- Published: 28 May 2015 28 May 2015
WASHINGTON -- The American Society of Landscape Architects (ASLA) applauds the Obama Administration for its May 19 announcement of a national strategy for promote the health of honey bees and other pollinators.
Pollinators such as bees, butterflies, birds and bats are vital to the American landscape and public health, and the White House strategy provides a comprehensive approach that will help reverse pollinator declines.
According to ASLA Executive Vice President and CEO Nancy Somerville, the national strategy offers meaningful guidance for reversing pollinator declines, especially through its support of sustainable landscape design. The federal strategy also includes recommendations/principles submitted by ASLA that showcase the role and ingenuity of landscape architecture to foster vibrant, well-designed landscapes to improve pollinator health and vitality.
“Pollinators play a critical role in food production, health, diverse ecosystems and vibrant communities,” says Somerville. “Sustainable landscape design practices—such as those supported by the White House strategy—contribute to the health of honey bees, monarch butterflies and other native pollinators. We are confident that implementation of the strategy will continue to highlight the expertise of landscape architects in contributing to pollinator health.”
The national strategy includes new training on pollinator basics aimed at federal professional design and construction staff employed by the General Services Administration (GSA). This training will be in addition to webinars on sustainable land development provided to GSA staff via the Sustainable Sites Initiative™ (SITES™), an interdisciplinary partnership led by the American Society of Landscape Architects (ASLA), the Lady Bird Johnson Wildflower Center at The University of Texas at Austin and the United States Botanic Garden to transform land development and management practices through the nation’s first voluntary guidelines and rating system for sustainable landscapes, with or without buildings.
The new training will allow GSA professional design staff to become educated on pollinator best practices as part of their annual continuing education agreements to maintain accreditations by ASLA, the American Institute of Architects and the American Planning Association.

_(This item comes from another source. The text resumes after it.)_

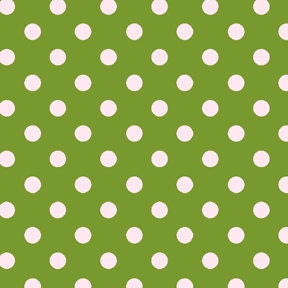 Dot to Dot .5 cm Polka Dots Fabric Moss Green White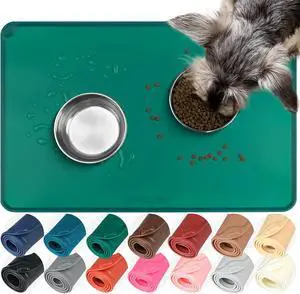 Pet Food Mat Flexmat Dog Bowl Mat, S, Deep Green | Non Slip Silicone for Pet Kitten & Doggy, Placemat with Lip for Floor Pet Food Mat Flexmat Dog Bowl Mat, S, Deep Green | Non Slip Silicone for Pet Kitten & Doggy, Placemat with Lip for Floor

The national strategy also calls on the U.S. Department of Transportation (USDOT) to evaluate opportunities to encourage pollinator habitat on rights-of-way. USDOT has worked with ASLA and the Rails-to-Trails Conservancy to develop information on pollinator-friendly landscape design for unused rights-of-way. A number of USDOT websites will provide visitors with links to resources promoting pollinator health and the planting of diverse ecosystems.
Founded in 1899, ASLA is the national professional association for landscape architects, representing more than 15,000 members in 49 professional chapters and 72 student chapters. Landscape architects lead the stewardship, planning, and design of our built and natural environments; the society’s mission is to advance landscape architecture through advocacy, communication, education and fellowship.